On 4 February 1934, Lowe decided to field the 15-year-old Pedro Irastorza in a La Liga match against FC Barcelona at the Camp de Les Corts, and while Sociedad lost 4–0, Irastorza went down in history as the first-ever under 16 player to feature in the Spanish top-flight.

On 24 March 1935, Sociedad, who was in penultimate place in the standings, traveled to Valencia for its away match against Valencia CF at the Mestalla Stadium, but they did not bring any substitutes to the away game for financial reasons, because in order to reduce expenses, it was common at the time for modest clubs to bring only the eleven players who were going to play. During that trip, however, one of his 11 players got sick and fell ill just before the kick-off, so Lowe had to decide whether to play with 10 at Mestalla or put on his own boots, and he decided to take responsibility.
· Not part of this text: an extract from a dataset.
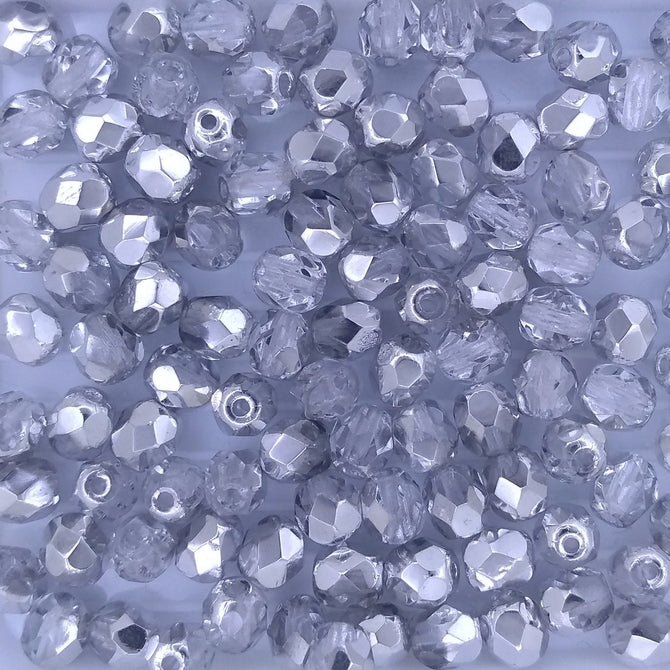 50 x 5mm faceted beads in Silver/Crystal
Lowe thus made his competitive debut in Spanish football that day, which was also the last match that he ever played, and in doing so at the age of 48 years and 226 days, he became by far the oldest player to play a match in the Spanish top division, a record that he still holds by a large margin, since the next closest are Joaquín and Diego López in 2023, and Ricardo in 2013, aged 41. Notably, he made an assist for the only goal of the Basque side, which lost 7–1. Furthermore, the 48-year-old Lowe played alongside the 16-year-old Pedro Irastorza; the age difference between them was 31 years and 255 days, which remains the biggest age difference between partners in La Liga's history. Sociedad went on to experience its first-ever relegation in history at the end of that season, after which Lowe left.

He then became coach of RCD Espanyol, where he arrived accompanied by two English footballers, Cipson and Green. Lowe had not yet finished the season when he left for England for private matters, being replaced by Patricio Caicedo.